NURTURING YOUR RELATIONSHIP WITH COLORS
Updated: Mar 11
This is an article “Nurturing Your Relationship With Colors” by Marc Primo Warren
Saying ‘life wouldn’t be enjoyable without color’ is a true understatement. Colors influence our emotions, allows us to take in beauty, and can affect our moods in an instant. Whether we see a wide green field or a small jade stone, we’re bound to be mesmerized by the sheer magical gradients that we see around us.
There are a few reasons why colors affect us in many ways than we can ever imagine. Some may calm us down while others might trigger an active sensor within us and provide an energy boost. However, one color may affect us in a way different from others. That’s because each individual nurtures a special relationship with colors and knowing how it works is truly spectacular.
Colors with universal meanings
Various colors will affect us in different levels. There are social and cultural factors that may suggest how we should react or feel towards a color, like how black is the universal hue for mourning and white is what we associate with light. Colors take parts in representing our own lives as we live them and in that way, one sees yellow as a jolly shade while another may view it as the color for insanity.

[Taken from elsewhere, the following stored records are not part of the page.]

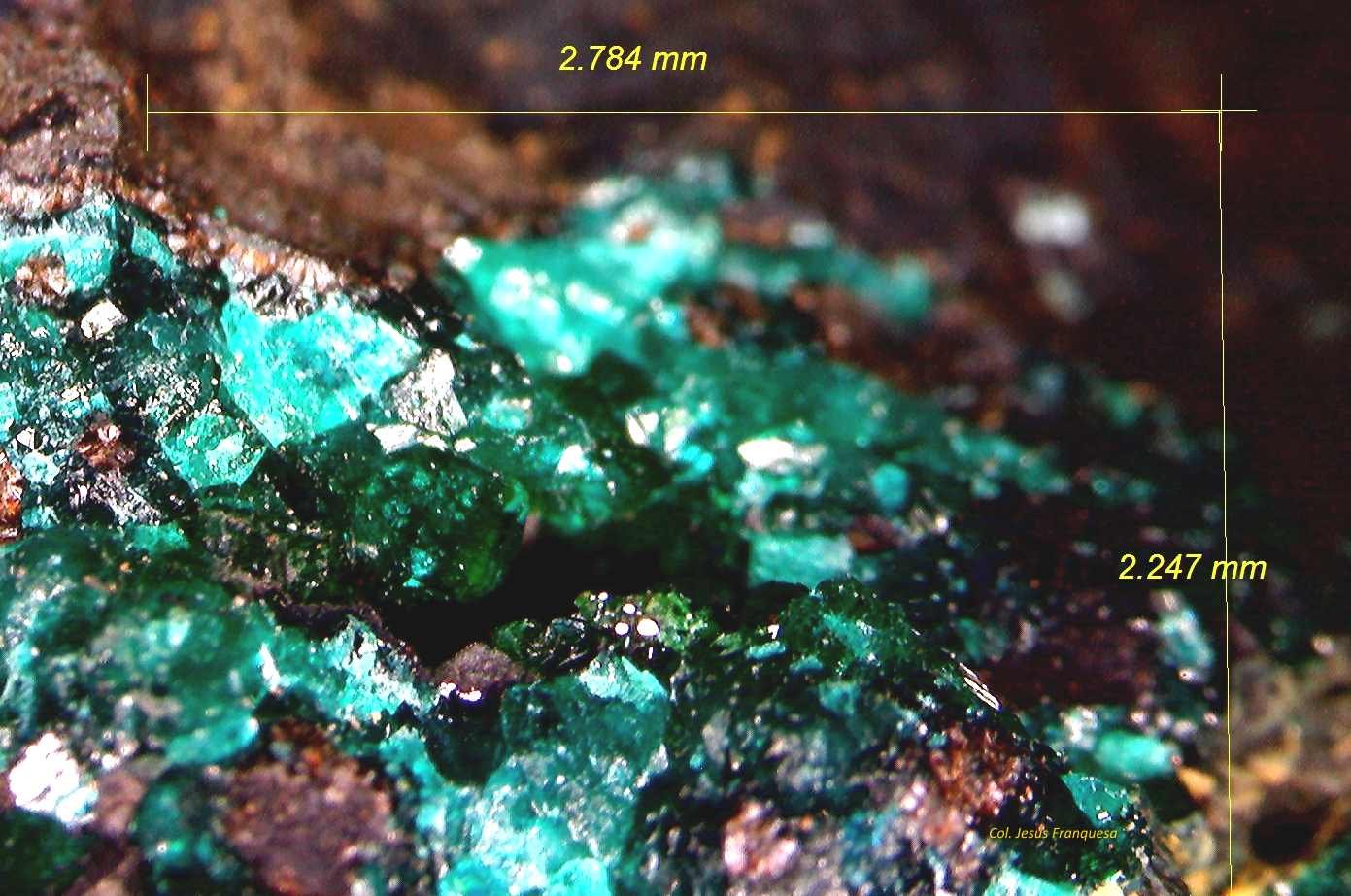 Dioptasa.
2´784 x 2´247 mm.
(Autor: Jesus Franquesa Baucells)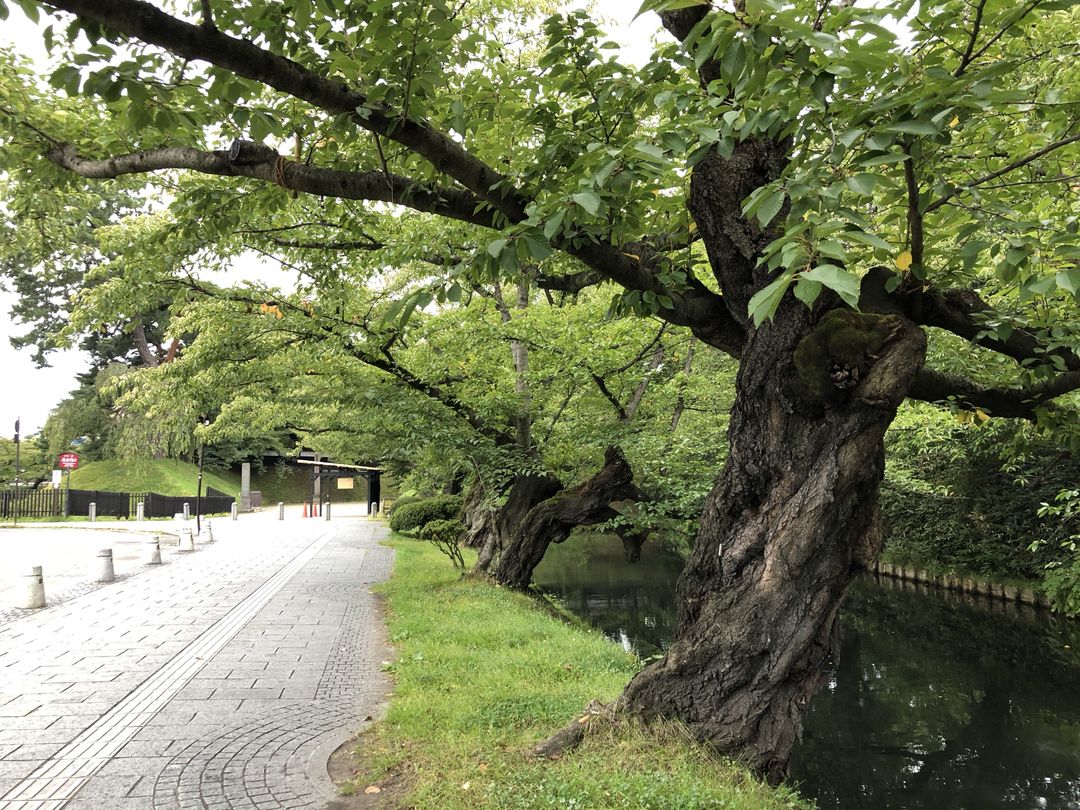 弘前公園追手門前面的河堤路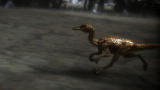 Animal Armageddon: Troodon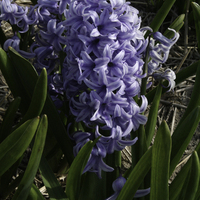 Miniature Hyacinthus orientalis 'Blue Giant'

Other universal colors that suggest particular associations are red for urgency, aggressiveness, or danger; blue for loneliness, calm, or clarity, and green for cleanliness, good luck, or even a naughty mind. But these colors can also take on a different meaning for each one of us as they are associated with how we live our lives. Red may be your spouse’s favorite color, blue your go-to color for your brand’s ads, or green as the highlight color for those accomplished projects on your spreadsheet.
Tone preferences in color
No matter how we use color, all of us build relationships with them in a way that is different from any other individual. Celebrities like Selena Gomez and Oprah make social stands with the color purple, while others like Rihanna dons the color red because it looks good on her.
In terms of categorizing them into favorites, experts say there are two groups: warm and cool. Red, orange, and yellow belong to warm colors in how they suggest heat, sunlight, or vibrancy. For cool colors, we go to purple, blue, or green—the shade of nature, water, sky, and grass.

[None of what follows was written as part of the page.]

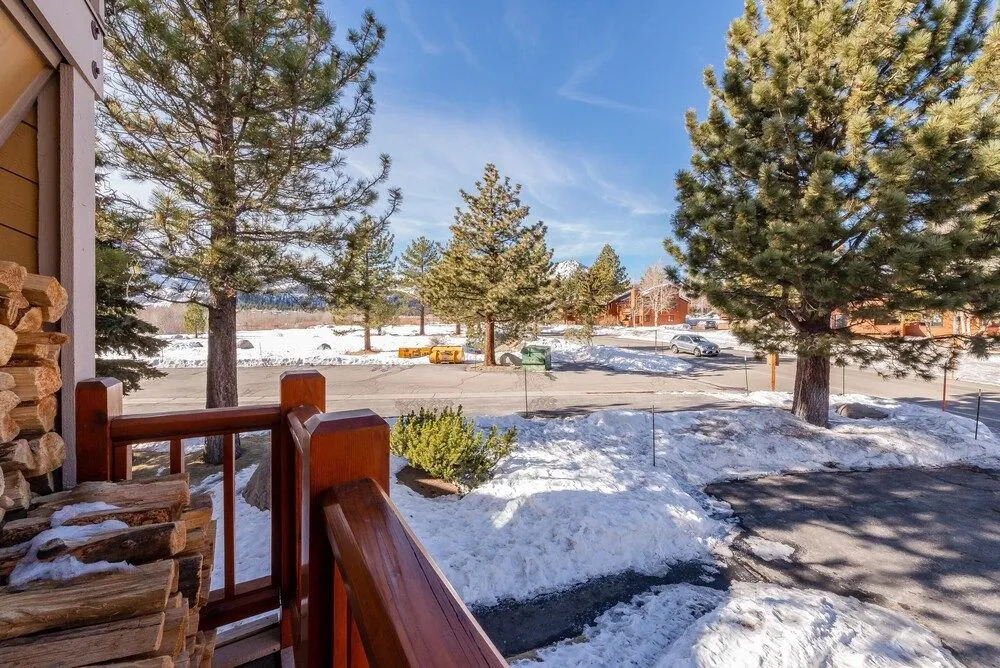 Mammoth Creek #52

Picking the right colors that radiate your true personality doesn’t mean you lean on either warm or cool colors. Instead, you should mix up a palette that can make you feel like it creates the perfect environment for yourself.
Add a little yellow to your cool color ensemble to give it a little visual flair. Warm colors can be inviting more than cool ones, and they can stimulate and trigger stronger emotions like passion and joy, while cooler hues will simply give you a sense of relaxation.
How color defines our personality
Our personality and the range of colors out there will always be interconnected in a way that we choose our preferences according to how they make us feel, sometimes building our personalities around them. Have you ever noticed how Steve Jobs wore the same black turtlenecks or how Ellen DeGeneres is fond of white?
Our relationships with colors tend to give signs of our personality traits but there will always be that specific set of factors that include tone (warm or cool), experiential value, and personal preference. To date, there is still no scientific evidence that validates our relationships with color but there is a universal agreement that affirms how some colors suggest a feeling or emotion specifically that can reflect our own cognitive state and cause an improved psycho-affective balance within us.